SG&A, including R&D, in the fourth quarter of 2010, was $50.6 million, or 8.7% of sales.
This compares to $39.4 million, or 8.5% of sales, in the fourth quarter of 2009.
R&D spending was up approximately $7.3 million on a year-over-year basis, in the quarter, and $2.5 million on a sequential basis, versus the third quarter of 2010.
The sequential increase in AAM's R&D spending, fourth quarter versus third quarter, was almost all attributable to the addition of our newly-formed joint venture with Saab in Sweden.
We call this e-AAM.
Beginning in the fourth quarter of 2010, e-AAM's financial results are included in AAM's consolidated results.
So that's another key factor to consider when you look at our fourth quarter of 2010 financials versus our third quarter of 2010 financials.

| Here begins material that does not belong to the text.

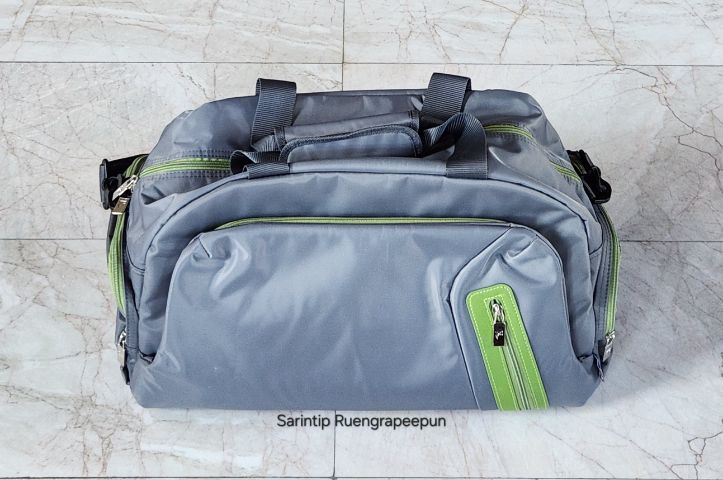 KASIKORNTHAI Duffle Bag กระเป๋าเดินทาง กระเป๋ากีฬา กระเป๋าเข้ายิม อเนกประสงค์ รูปที่ 5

For the full year of 2010, SG&A was $197.6 million, or 8.7% of sales, and that compares to $172.7 million last year, or 11.3% of sales.
AAM's R&D spending was up $15.5 million, to $82.5 million for the full year of 2010, compared to $67 million in 2009.
Now, this increase in our R&D spending is intended.
It is due to a more aggressive approach to increase our spending on product diversification initiatives.
This includes e-AAM, again our joint venture with Saab in Sweden that is focused on electric and hybrid driveline systems, and also covers the introduction of AAM's new EcoTrac brand of fuel efficient and environment friendly products.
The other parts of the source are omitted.